■ THE TASK: Transcribe, word for word, every line from the one containing "16, 2, 2026" through the final line of the records, and omit the pictures.

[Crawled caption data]

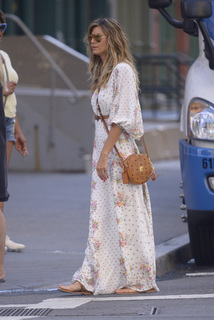 Heidi Klum feet photo thumbnail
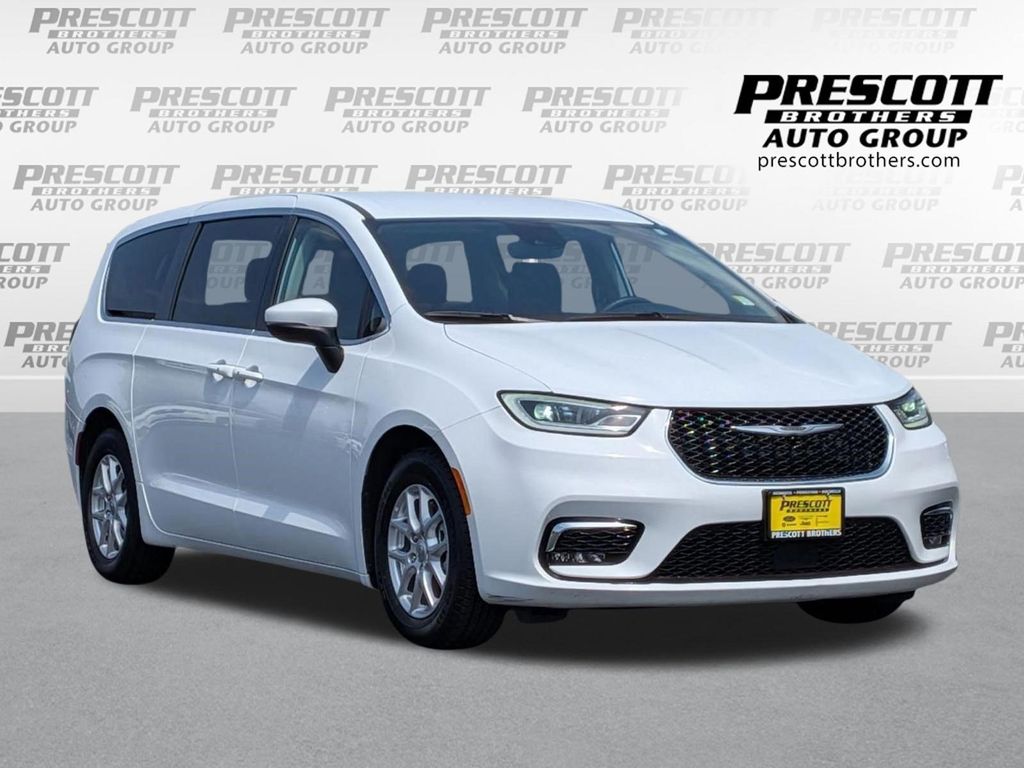 2023 Chrysler Pacifica Touring L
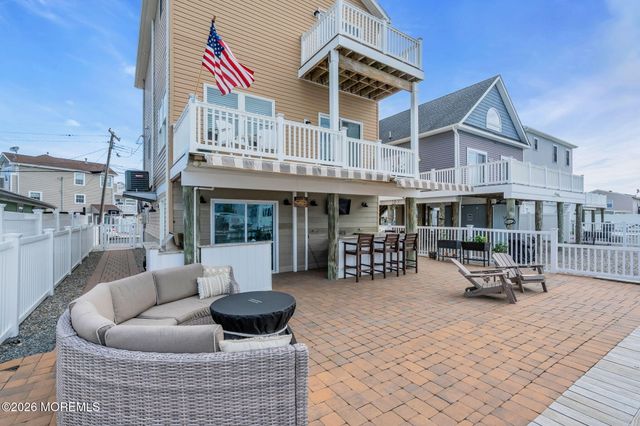 210 Longview Drive, Bayville, NJ 08721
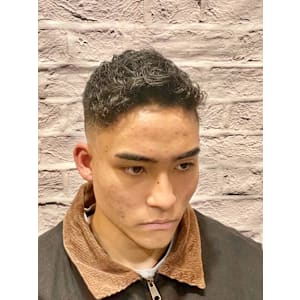癖毛を活かすフェードスタイル - 銀座マツナガ 新宿野村ビル店【ギンザマツナガ シンジュクノムラビルテン】掲載中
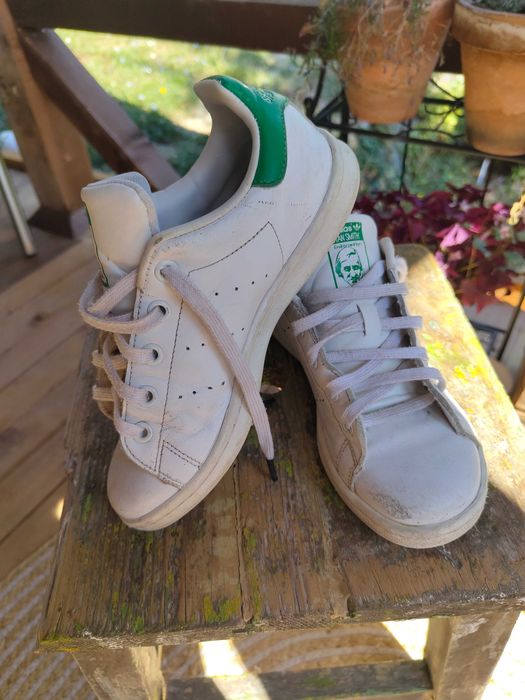 Stan Smith ветерани, номер EU 34 — малки стъпки, голям характер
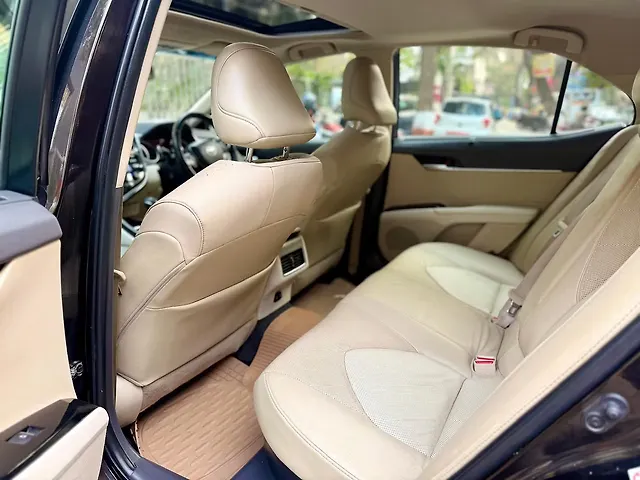 Used Toyota Camry [2019-2022] Hybrid in Mumbai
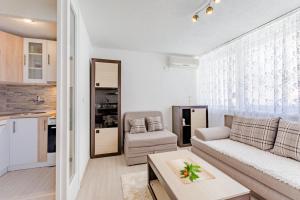 Kuchyňa alebo kuchynka v ubytovaní Apartment Eli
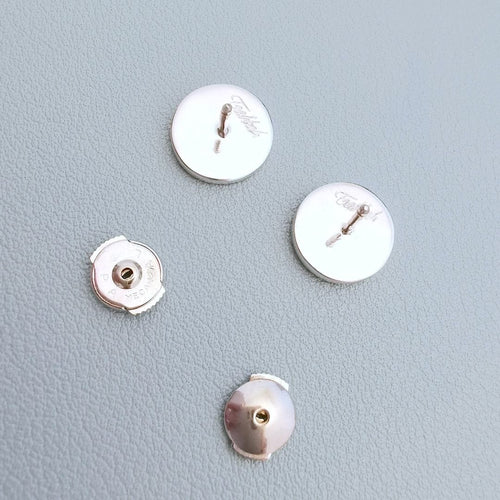 Boucles d'oreilles Boucles d'oreilles signées Tabbah en nacre et Diamants Or blanc 18 K 58 Facettes AA 1718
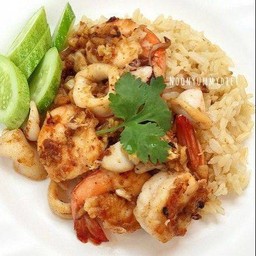 หมึก-กุ้งกระเทียมพริกไทย
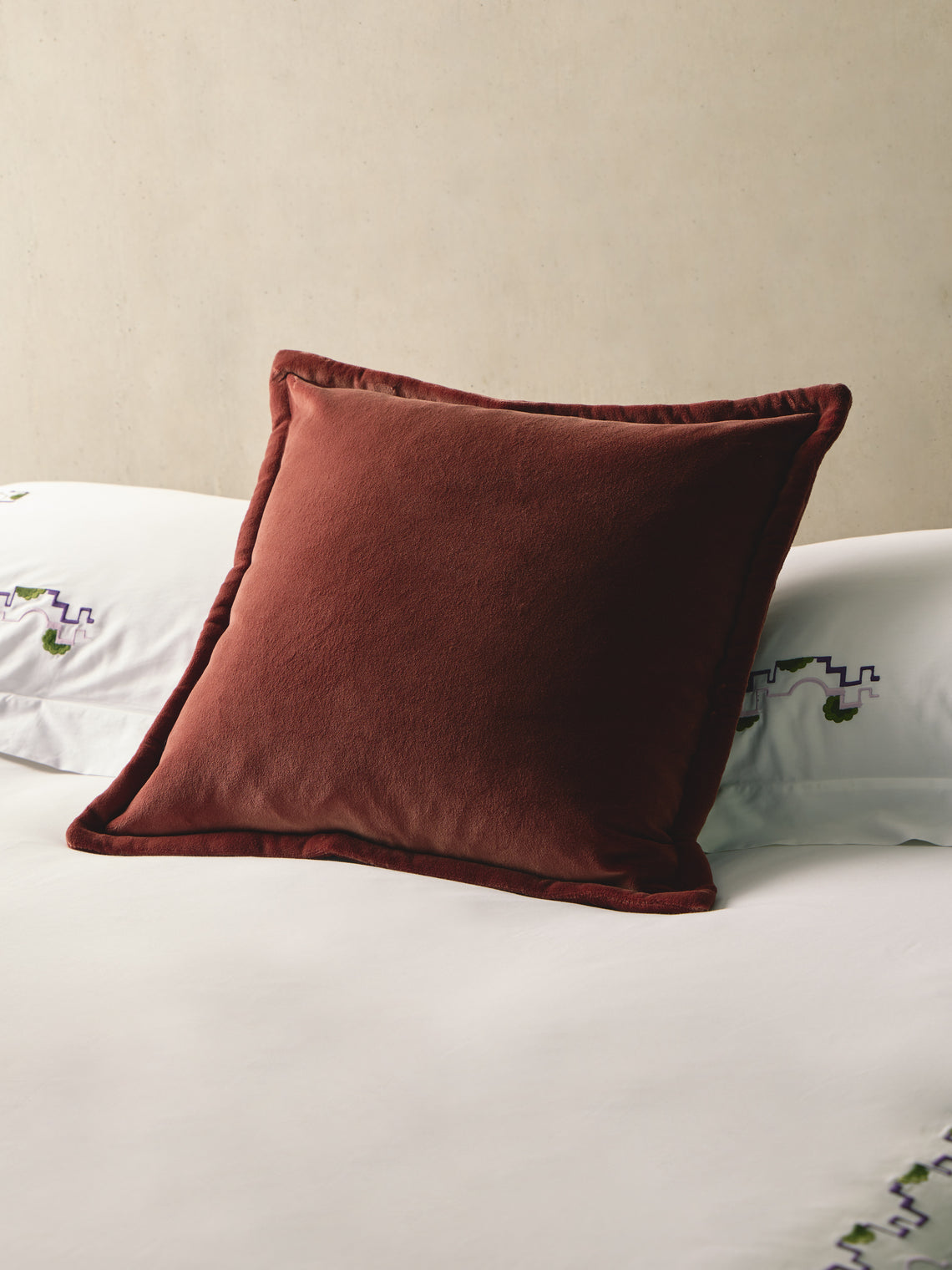 De Le Cuona - Vienna Cotton Sofa Cushion (21.5in/55cm) - Brown - ABASK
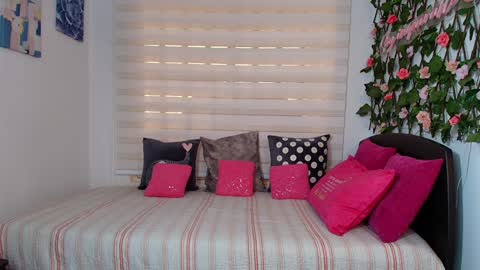 laura  online show from 16, 2, 2026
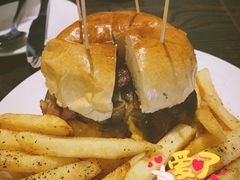 -瑞食酒馆 La Taverne Suisse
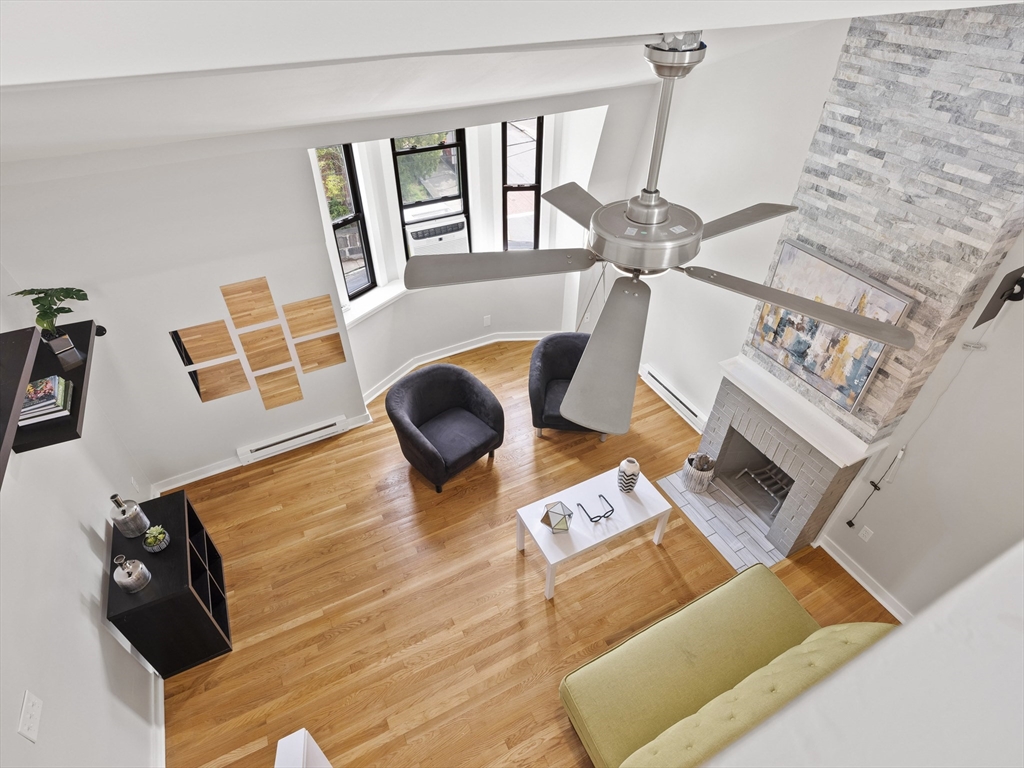 210 Washington Ave # 4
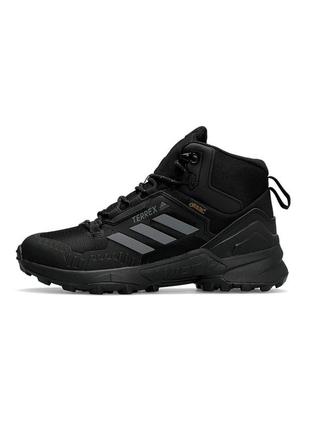 Зимові чоловічі кросівки адідас adidas terrrex swift r gore tex fur all black grey stripes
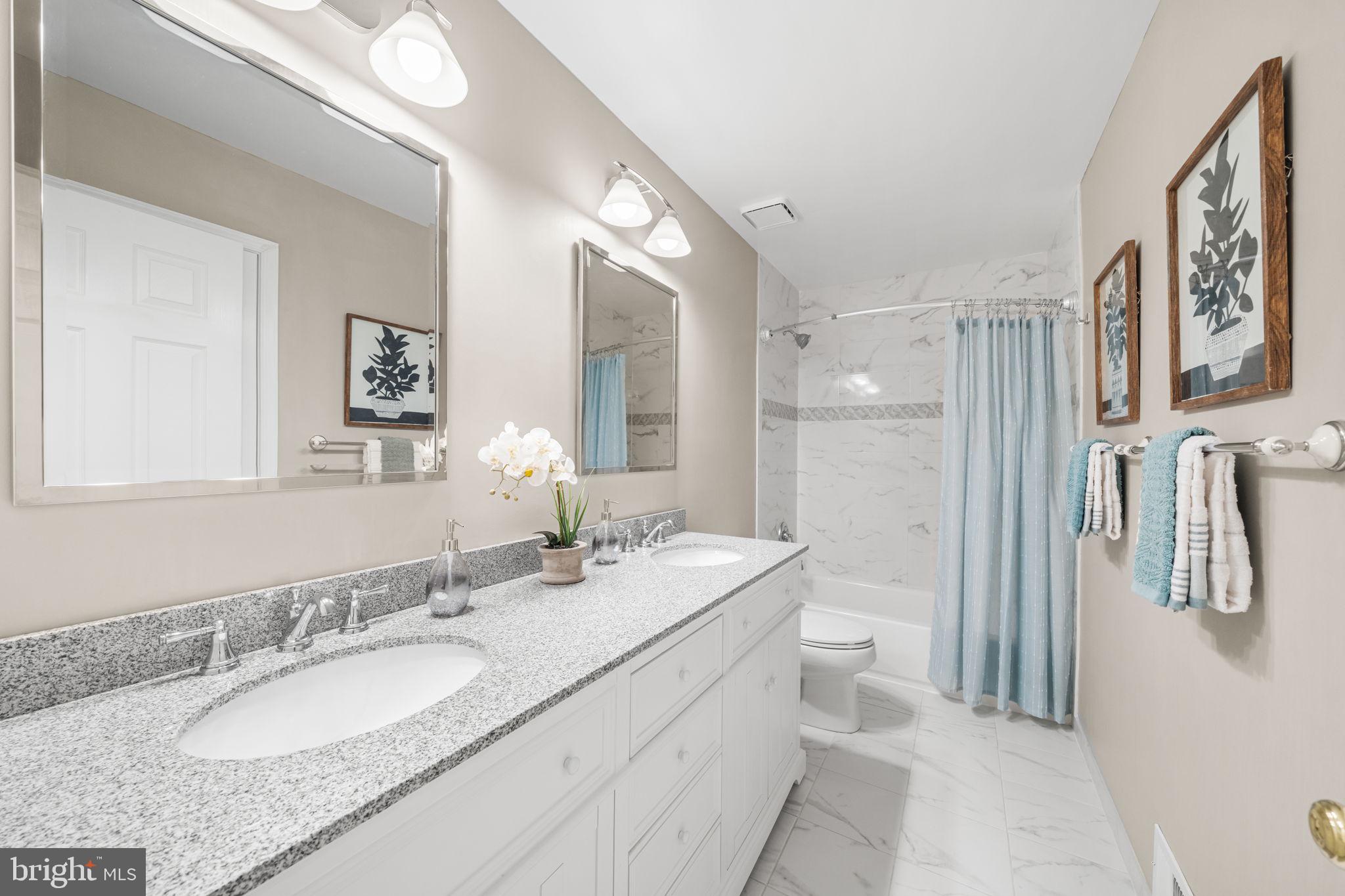 CROSSPOINTE - Residential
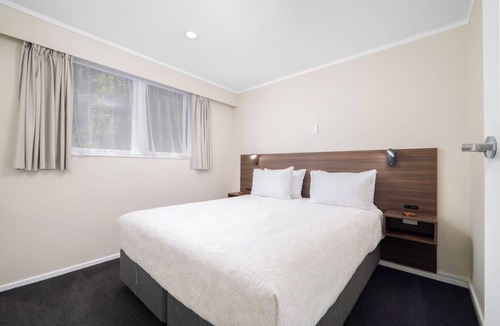 Russell Hotel | The Captains Motel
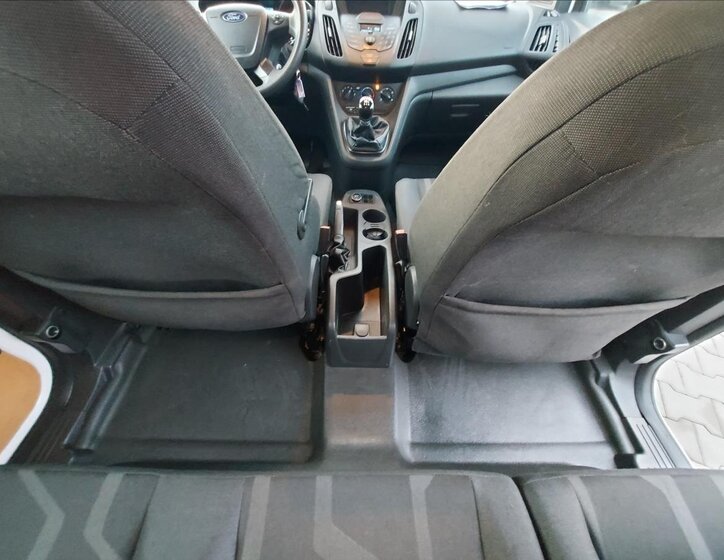 Ford Transit Connect 23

■ EXERCISE RESULT:
 laura  online show from 16, 2, 2026
 -瑞食酒馆 La Taverne Suisse
 210 Washington Ave # 4
 Зимові чоловічі кросівки адідас adidas terrrex swift r gore tex fur all black grey stripes
 CROSSPOINTE - Residential
 Russell Hotel | The Captains Motel
 Ford Transit Connect 23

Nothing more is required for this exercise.